Ho pensato che la mia anchilosi proveniva da qui. Dall’aver commesso anche io un grosso errore. Nell’aver storpiato la scrittura in qualcosa che servisse per portare a casa il pane.
È stato allora che, per confutare o confermare la tesi, ho chiesto asilo e conforto a Francesco Piccolo e al suo libretto Scrivere è un tic. Attraversando le pagine mi sono incazzata -e tanto- con la me che l’ha letto qualche anno fa (e se l’è pure fatto autografare da Ascanio Celestini) perché il libro è perfettamente tenuto, ha qualche pieghetta in alto a destra, quelle orribili orecchie che fanno solo gli sfaticati, ma non ha nemmeno una sottolineatura. Da dove diavolo comincio a cercare? In questi casi, mi dico, si comincia dalla quarta di copertina.
E infatti, è a pagina 97 che Piccolo mi dice quello che mi avrebbe detto se fosse venuto a casa a bersi una tazza di Tierra! Lavazza: “E poi, forse, c’è di più; non ha a che fare con la scrittura, o almeno non direttamente, e nemmeno con l’arte o la creatività. Questo cammino ci ha fatto conoscere i metodi degli scrittori, ma può servire a qualsiasi altra cosa. Ogni metodo è un mattone di un metodo più grande, quello per vivere. Potrebbe essere così. In fondo, gli autori scrivono ogni giorno inventando storie, e anche perché attraverso la scrittura forse riescono a essere delle persone migliori”.
Essere. Delle persone. Migliori.
Non è la mia capacità di scrivere ad essersi inceppata. È la mia capacità di vivere ad essersi sciupata. La capacità di sentirsi dentro gli eventi, di testimoniare le catastrofi come le felicità con un grado di partecipazione che imprime memorie tattili, visive, storiche e storiografiche.
Succede. Non di rado. Succede tutte le volte che ti lasci derubare e quando riprendi fiato dopo l’apnea causata dallo shock, sei consapevole che quello che ti è stato sottratto è molto più di quello che ti dovrebbe essere restituito.
Ma cosa c’entra tutto questo con la pubblicità?
A questa domanda posso rispondere con una sottolineatura (stavolta c’è) impressa a pagina 71 del libro Scrivere Civile di Paolo Iabichino: “A furia di insegnare la poetica del racconto e le arti dello storytelling abbiamo finito per banalizzare una serie di significanti che hanno bisogno di meno narrazione e di molta più azione.

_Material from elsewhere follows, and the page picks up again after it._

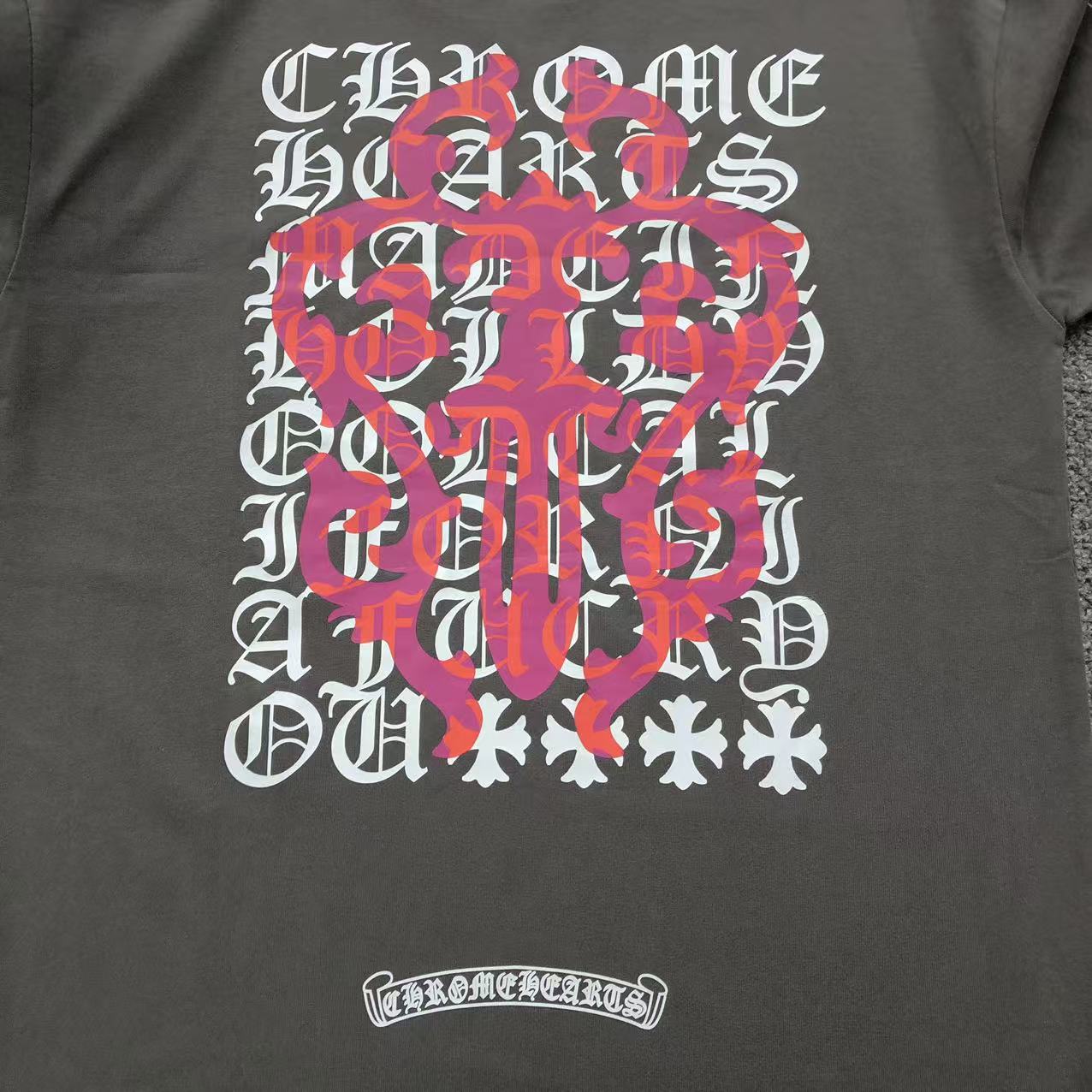 Pink Dagger Symbol T-Shirt ™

Perché la sacralità di un racconto nasce nel momento in cui le emozioni di chi abbiamo di fronte - di chi ci legge, di chi ci ascolta, di chi acquista i nostri prodotti - incontrano l’autenticità di chi parla, senza piaggeria o vanità”.
Autenticità.
E come si può pretendere di essere autentici se si racconta una vita che abbiamo smesso di frequentare per davvero?
Immergersi in ciò che ci tiene a galla, riascoltare, sentire, riconoscere ogni piccola o grande espressione d’esistenza, è questo l’unico esercizio sensato per tornare a scrivere. Qualunque forma la scrittura assuma o debba assumere. Qualunque sia l’idea, il gioco di parole, l’intuizione o avventura linguistica che la contingenza possa chiedermi di affrontare.

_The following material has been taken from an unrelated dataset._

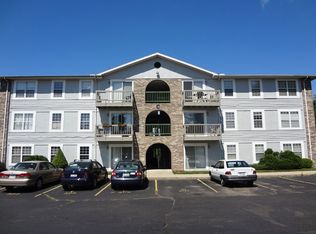 247 W Union St APT 104C, Athens, OH 45701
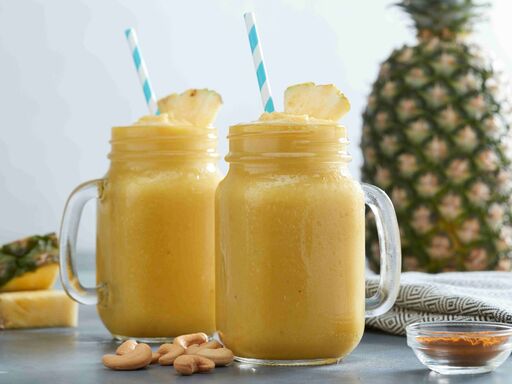 Pineapple-Turmeric-Smoothie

L’unico modo che si ha per esser certi di fare un buon lavoro è scrivere per allenarsi (e invogliare) ad essere persone migliori, autentiche. Di quelle che fuggono le banalizzazioni, hanno muscoli forti e una spina dorsale che si nota a chilometri di distanza. Solo così si può smettere (magari una volta per tutte) di pensare di stare commettendo il solito errore. Il più grosso di tutti.